WHAT NEEDS TO BE DONE: Take the line containing "આ નવરાત્રિમાં માતા" through the last line of the data and retype those lines exactly. Pictures do not belong in the copy.

****************************************

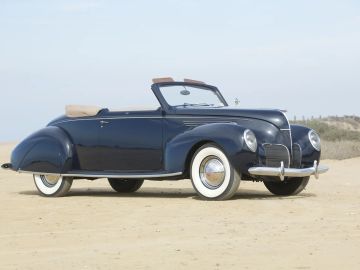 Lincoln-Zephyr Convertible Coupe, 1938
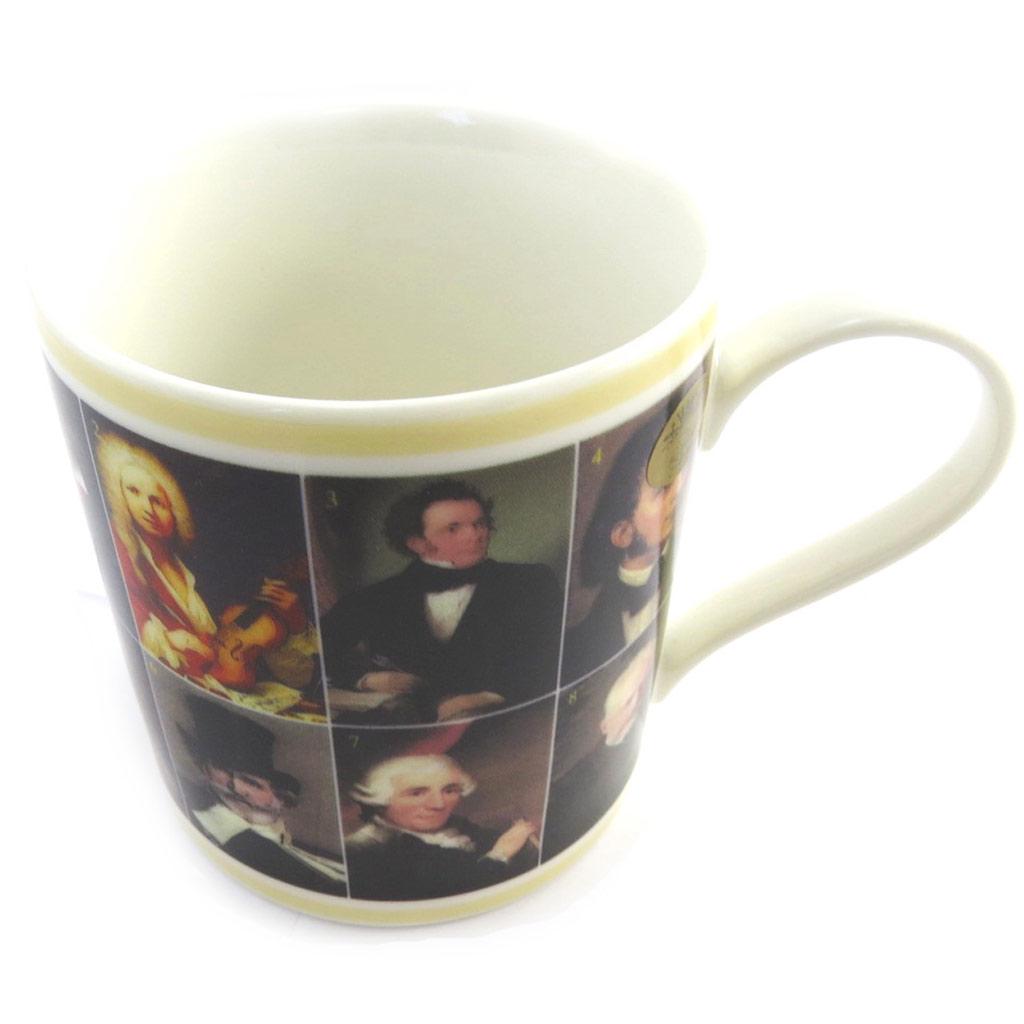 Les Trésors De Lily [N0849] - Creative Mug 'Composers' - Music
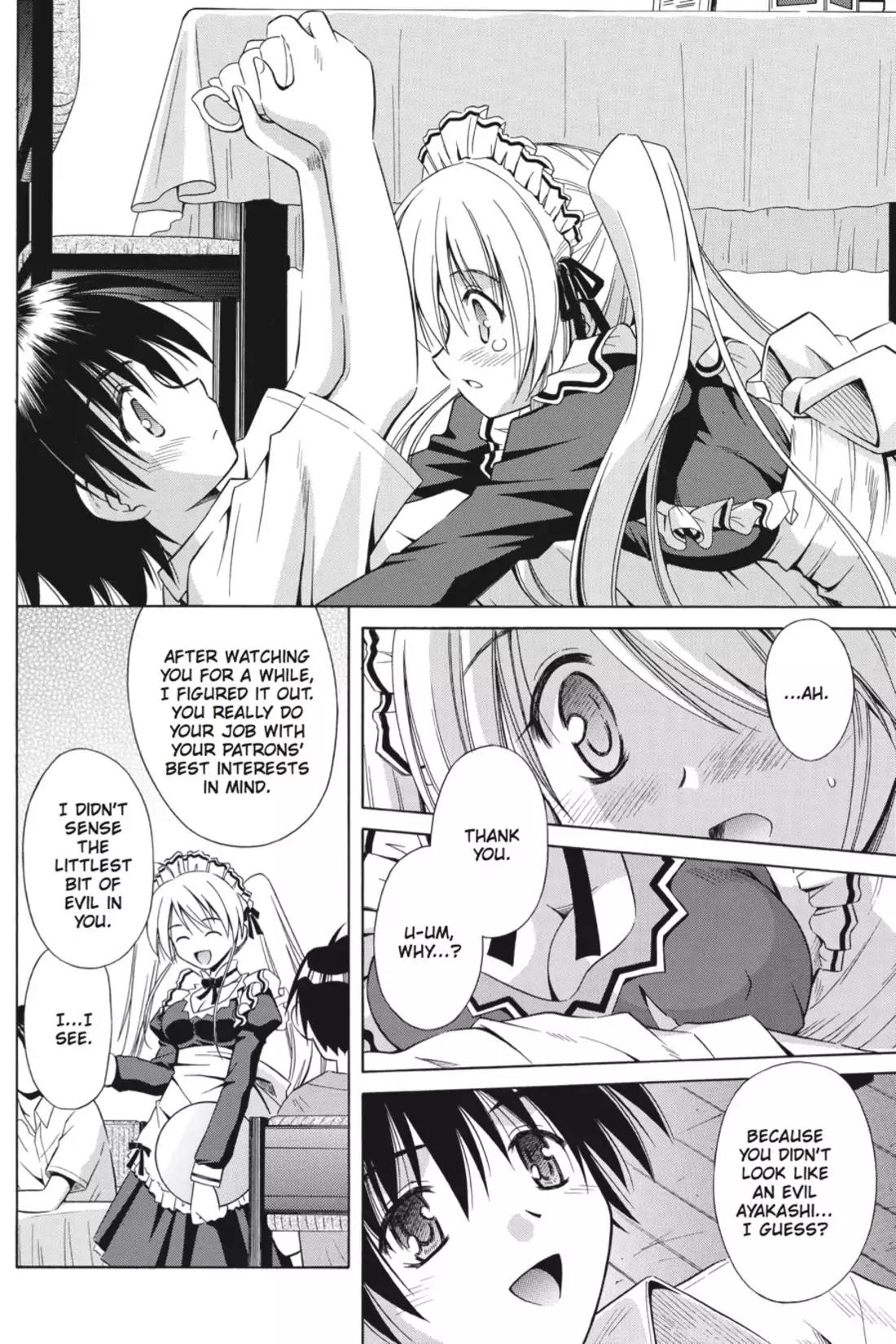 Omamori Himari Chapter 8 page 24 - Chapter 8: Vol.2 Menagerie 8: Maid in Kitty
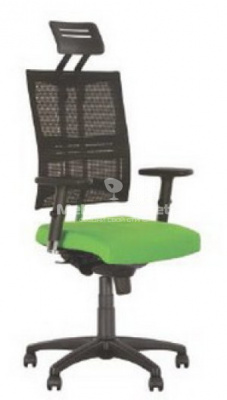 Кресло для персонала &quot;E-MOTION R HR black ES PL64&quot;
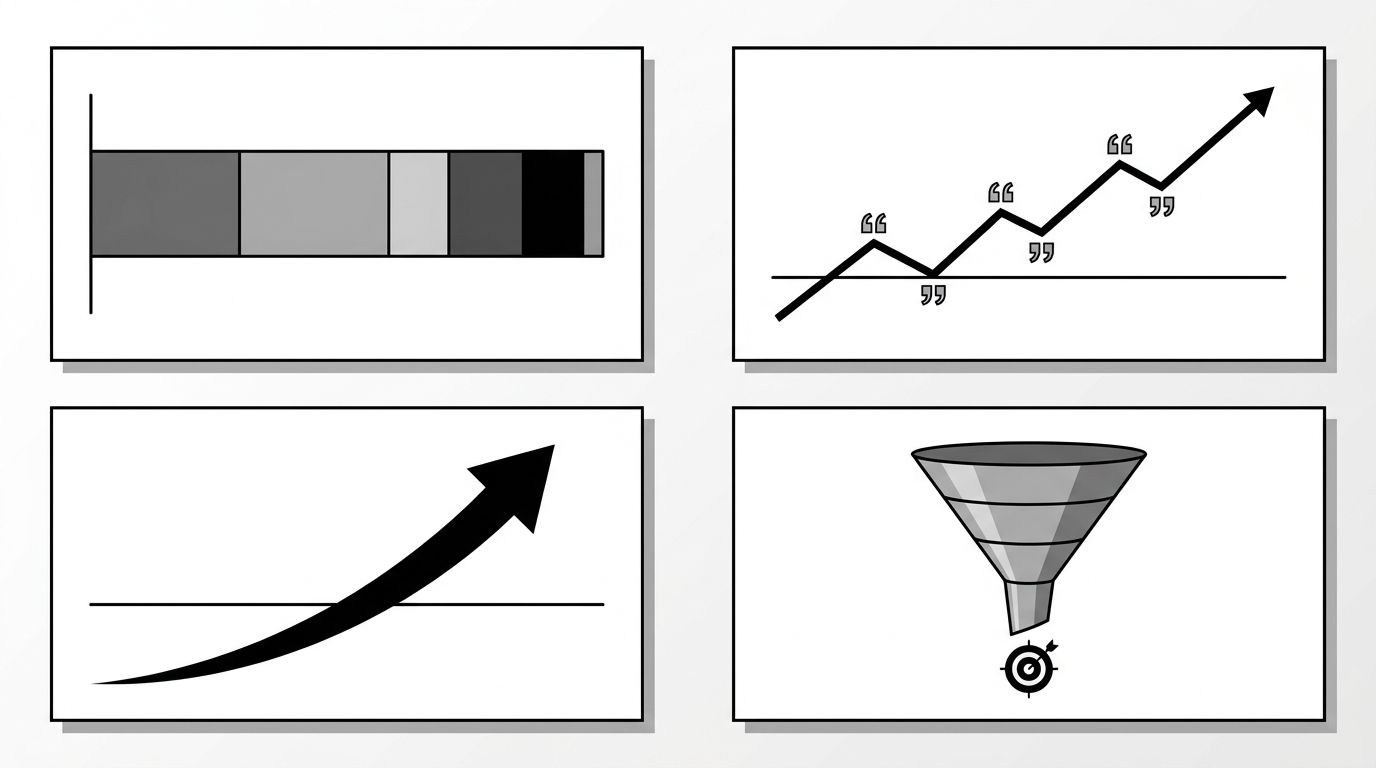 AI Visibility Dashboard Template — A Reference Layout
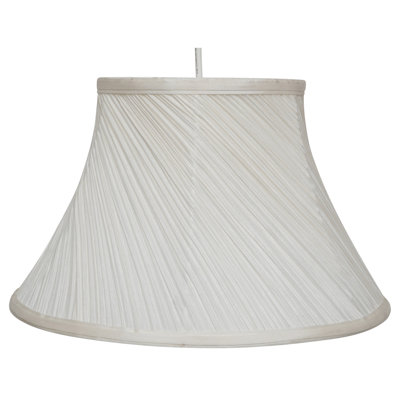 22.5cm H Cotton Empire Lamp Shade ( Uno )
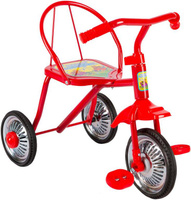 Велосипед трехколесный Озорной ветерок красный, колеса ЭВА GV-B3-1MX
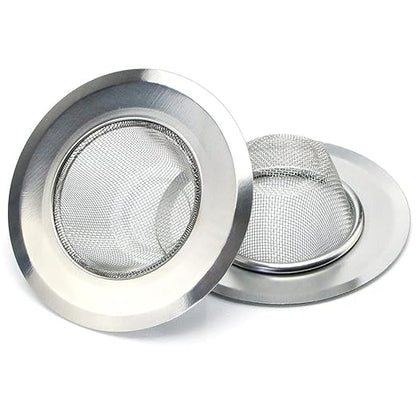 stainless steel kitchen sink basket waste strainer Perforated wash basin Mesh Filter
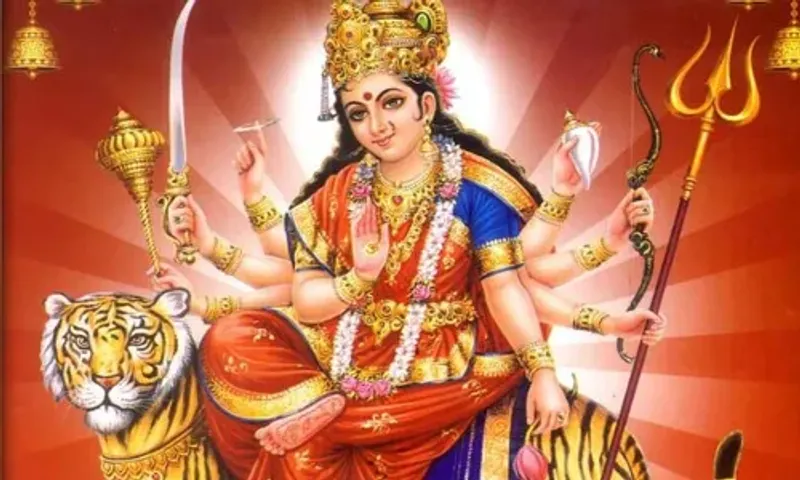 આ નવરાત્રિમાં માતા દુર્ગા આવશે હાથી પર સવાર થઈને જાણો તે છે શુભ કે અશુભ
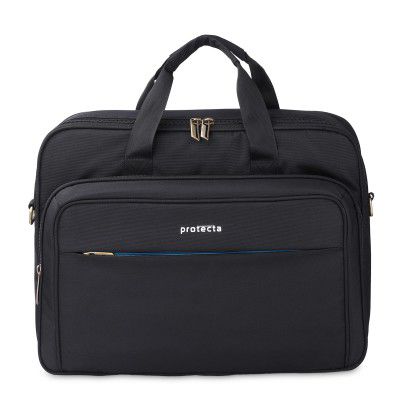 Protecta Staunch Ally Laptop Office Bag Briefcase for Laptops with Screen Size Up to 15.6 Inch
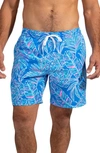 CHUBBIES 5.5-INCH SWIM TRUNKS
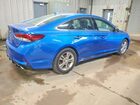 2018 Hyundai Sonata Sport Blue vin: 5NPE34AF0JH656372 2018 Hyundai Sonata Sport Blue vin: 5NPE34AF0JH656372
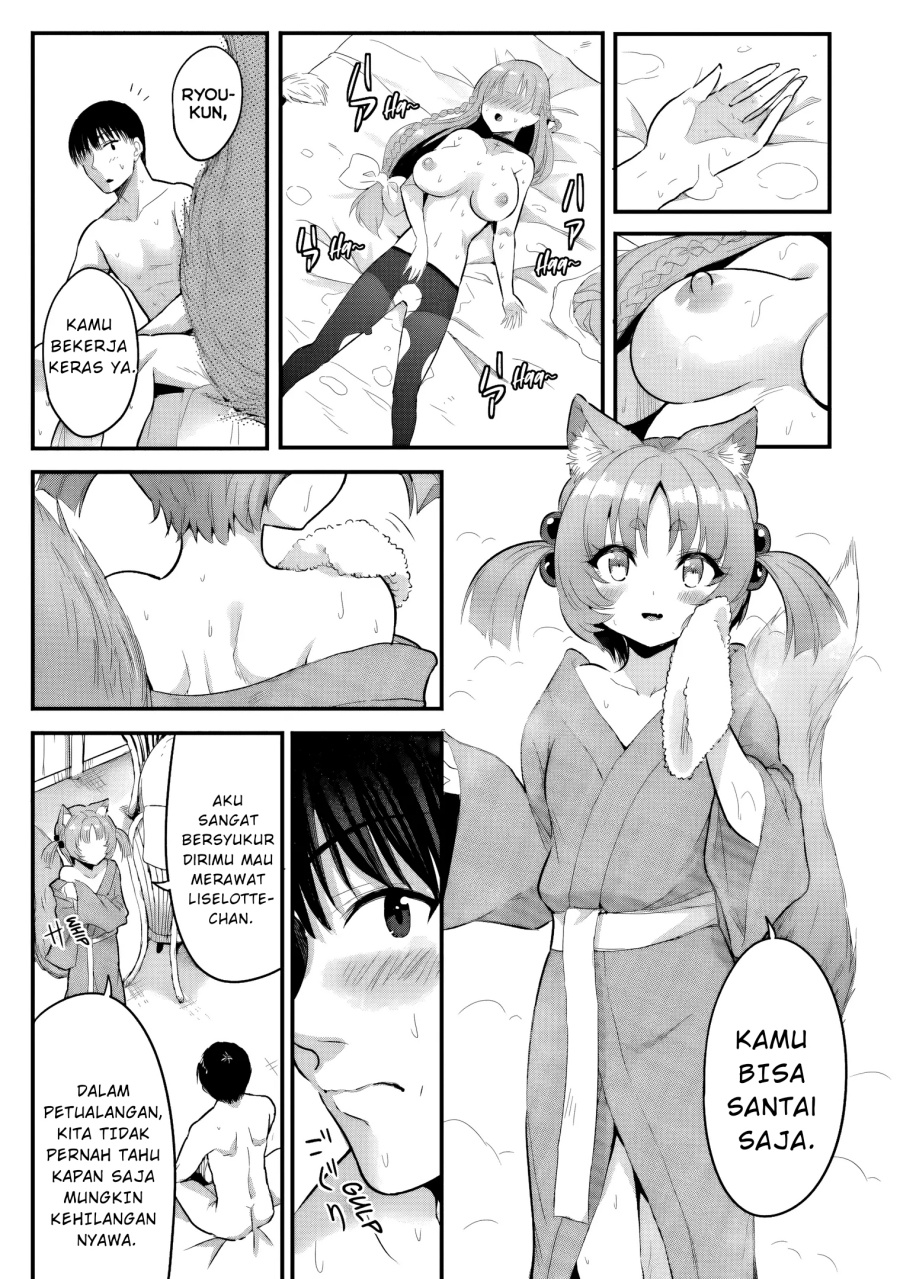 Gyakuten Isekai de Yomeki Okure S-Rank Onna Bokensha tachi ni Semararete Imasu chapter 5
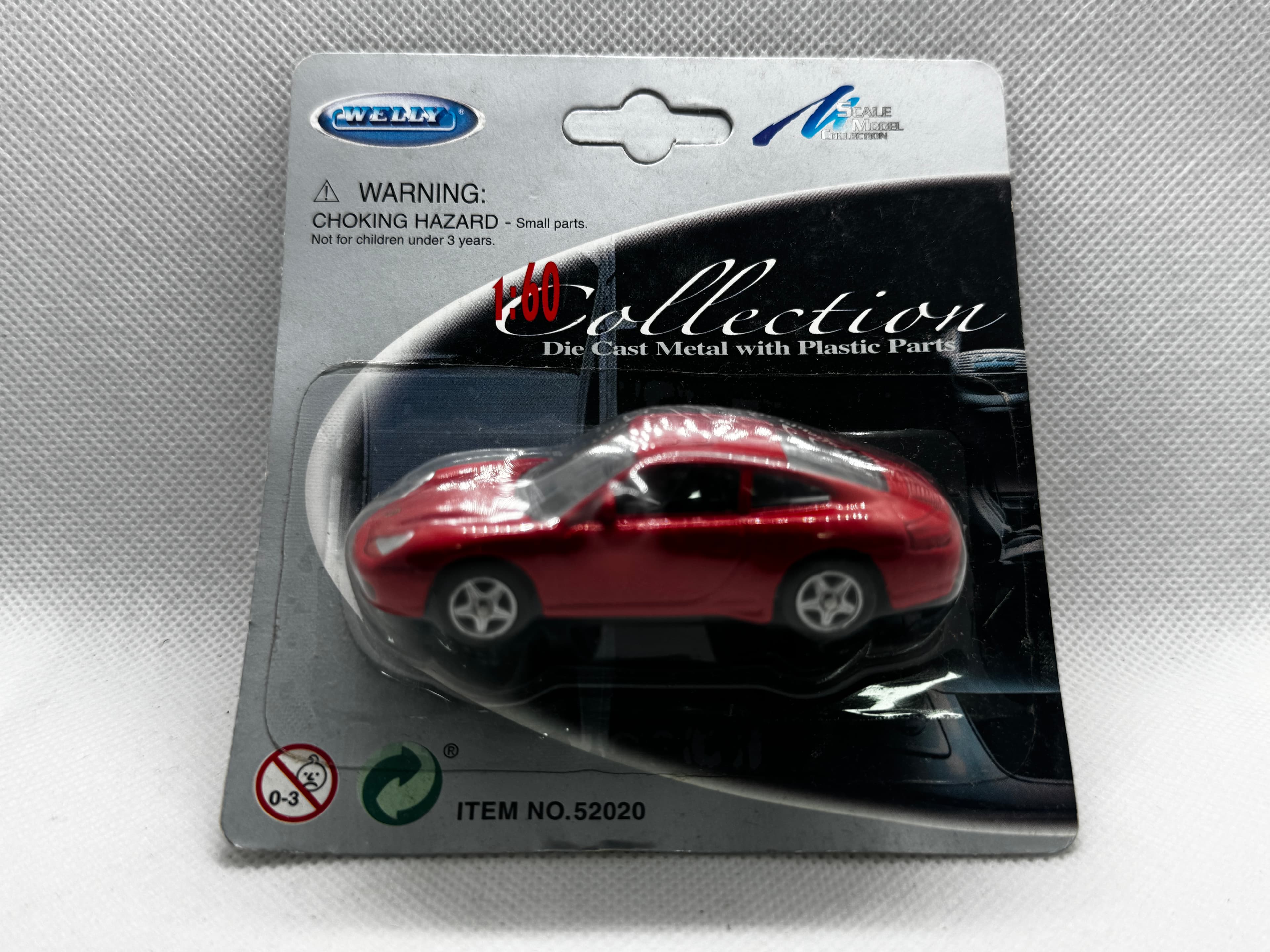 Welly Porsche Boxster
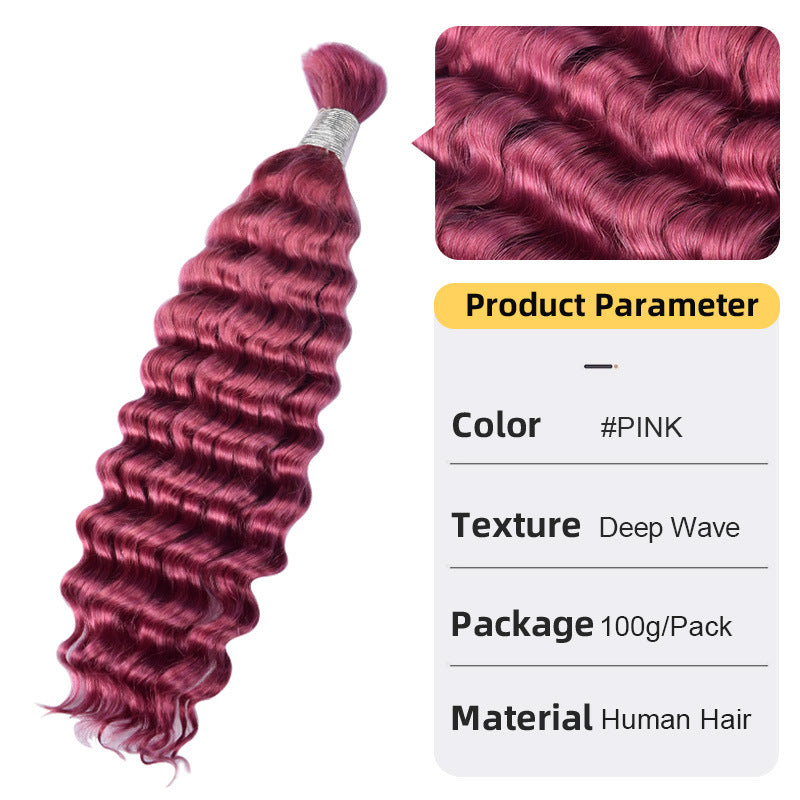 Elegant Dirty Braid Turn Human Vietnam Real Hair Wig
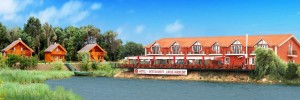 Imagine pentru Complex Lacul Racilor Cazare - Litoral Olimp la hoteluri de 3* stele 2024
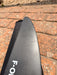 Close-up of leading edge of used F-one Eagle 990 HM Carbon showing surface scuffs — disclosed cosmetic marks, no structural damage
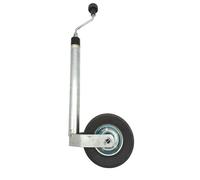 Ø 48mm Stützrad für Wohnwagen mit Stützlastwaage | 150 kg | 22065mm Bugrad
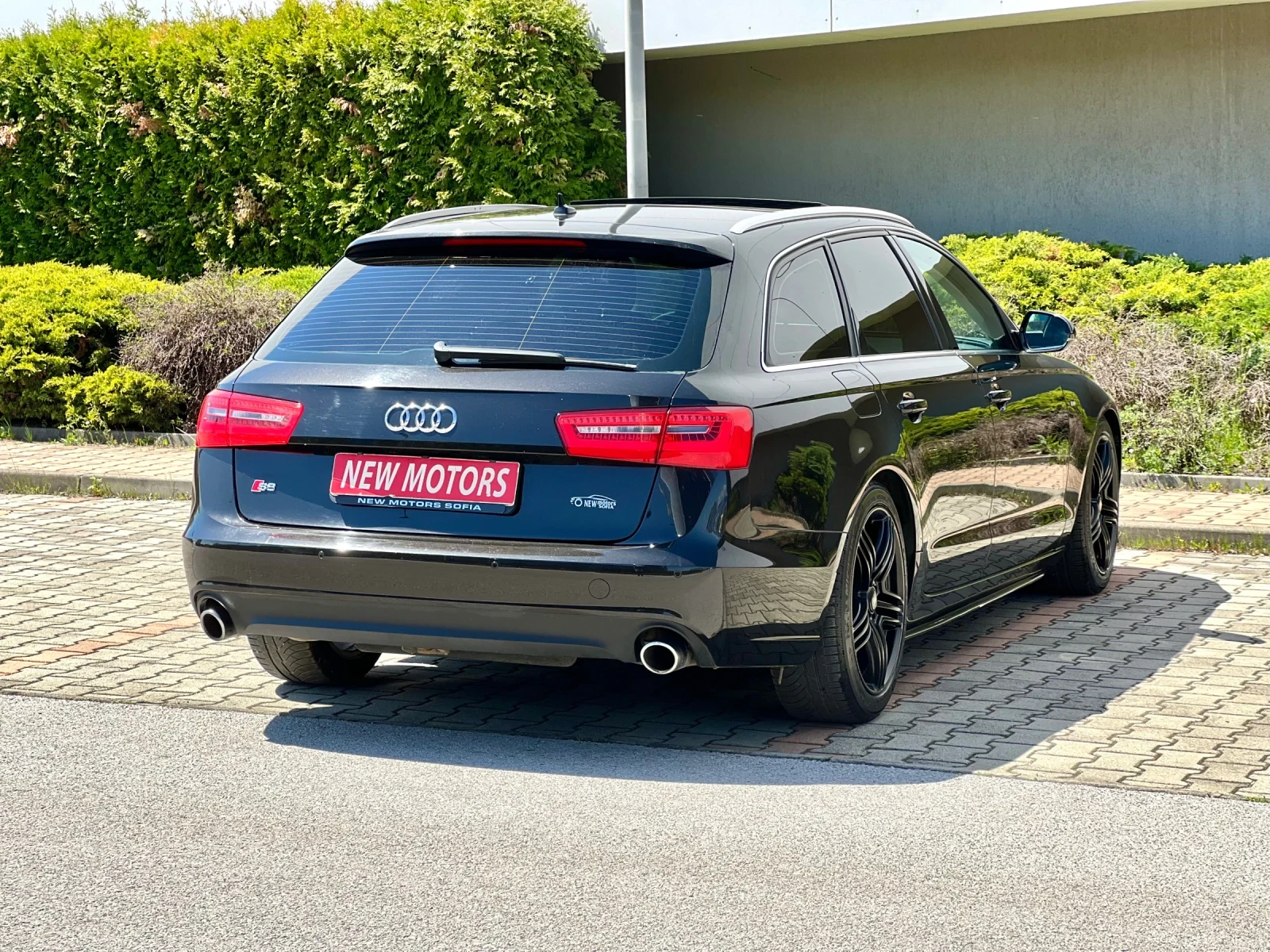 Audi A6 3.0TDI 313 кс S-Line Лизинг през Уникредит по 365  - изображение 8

****************************************

COMPLETED TASK:
 આ નવરાત્રિમાં માતા દુર્ગા આવશે હાથી પર સવાર થઈને જાણો તે છે શુભ કે અશુભ
 Protecta Staunch Ally Laptop Office Bag Briefcase for Laptops with Screen Size Up to 15.6 Inch
 CHUBBIES 5.5-INCH SWIM TRUNKS
 2018 Hyundai Sonata Sport Blue vin: 5NPE34AF0JH656372 2018 Hyundai Sonata Sport Blue vin: 5NPE34AF0JH656372
 Gyakuten Isekai de Yomeki Okure S-Rank Onna Bokensha tachi ni Semararete Imasu chapter 5
 Welly Porsche Boxster
 Elegant Dirty Braid Turn Human Vietnam Real Hair Wig
 Imagine pentru Complex Lacul Racilor Cazare - Litoral Olimp la hoteluri de 3* stele 2024
 Close-up of leading edge of used F-one Eagle 990 HM Carbon showing surface scuffs — disclosed cosmetic marks, no structural damage
 Ø 48mm Stützrad für Wohnwagen mit Stützlastwaage | 150 kg | 22065mm Bugrad
 Audi A6 3.0TDI 313 кс S-Line Лизинг през Уникредит по 365  - изображение 8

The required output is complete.